The center will invite local business owners to use the kitchen as a free resource to help Overtown’s entrepreneurs expand and grow their businesses.
“We have Ms. Moore’s Bakery, for example, if she wanted to do a large order — something she can’t do in her house — she will be able to come in and utilize the kitchen,” Woods said. “It will be a shared space for entrepreneurs as well as the training facility.”
Hardemon, who recently came under fire for his role in the Worldcenter negotiation, says the new community center is one of many steps the CRA has taken to improve the neighborhood and standards.
“One of the things that we can do as a CRA is improve the living conditions of the people that reside here,” Hardemon said.

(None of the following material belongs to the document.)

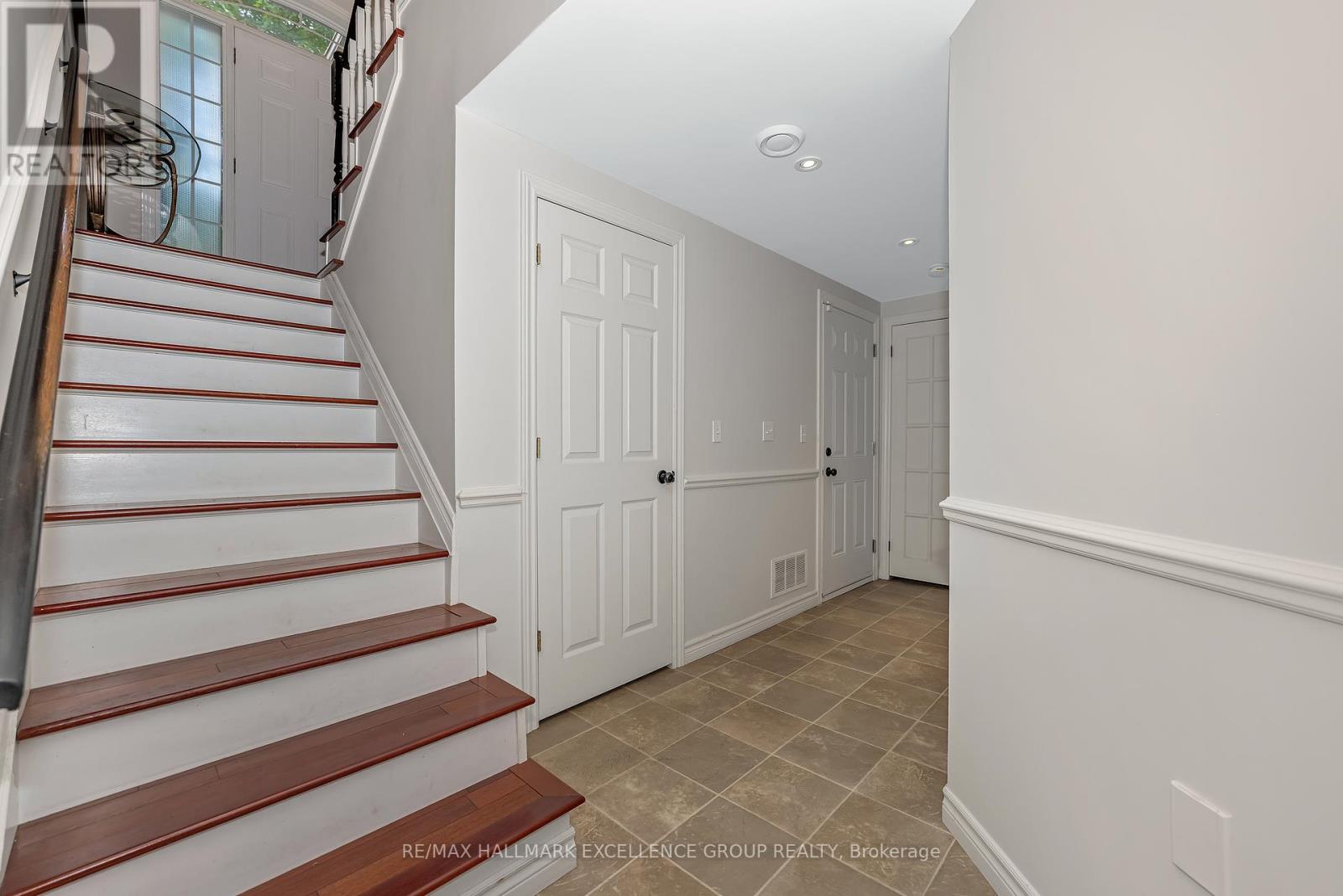 2709 Dubois Street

Still, he says, there are areas like crime and drug use that are difficult for the CRA to tackle.
Those “issues of morality,” according to Hardemon, are the product of a long history of neglect from government officials. But rather than focus on that history and reason behind the creation of CRAs, he says the neighborhood needs to find alternate ways to bring money into the community.
“The money coming in [through the CRA] is not infinite, it’s finite; and it only grows when we have development,” he said.